● Supplied material:
# # # # #

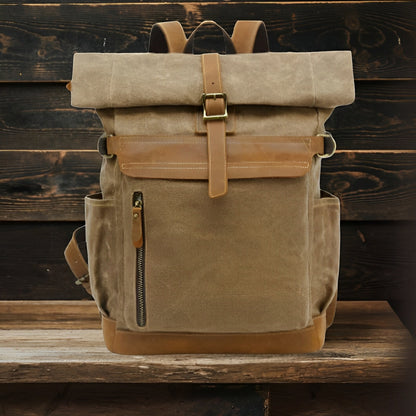 ZERMATT | Schulranzen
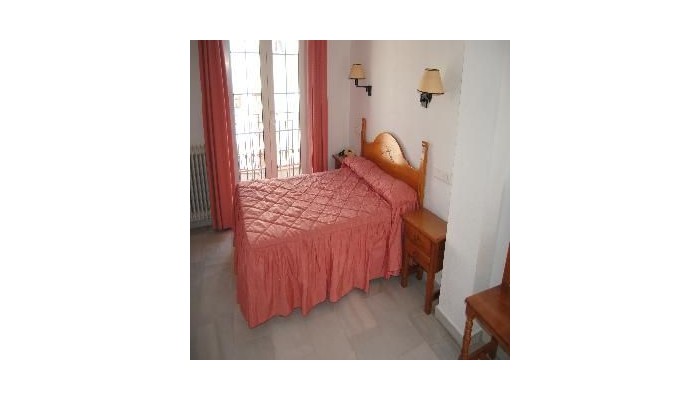 Hotel Mirasol poza 8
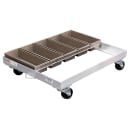 New Age Dolly for Bread Pans w/ 800 lb Capacity (93189) thumbnail 2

# # # # #

● Aim of the exercise:
Could you restate the material word for word, skipping any pictures it holds?

● Response area:
 ZERMATT | Schulranzen
 Hotel Mirasol poza 8
 New Age Dolly for Bread Pans w/ 800 lb Capacity (93189) thumbnail 2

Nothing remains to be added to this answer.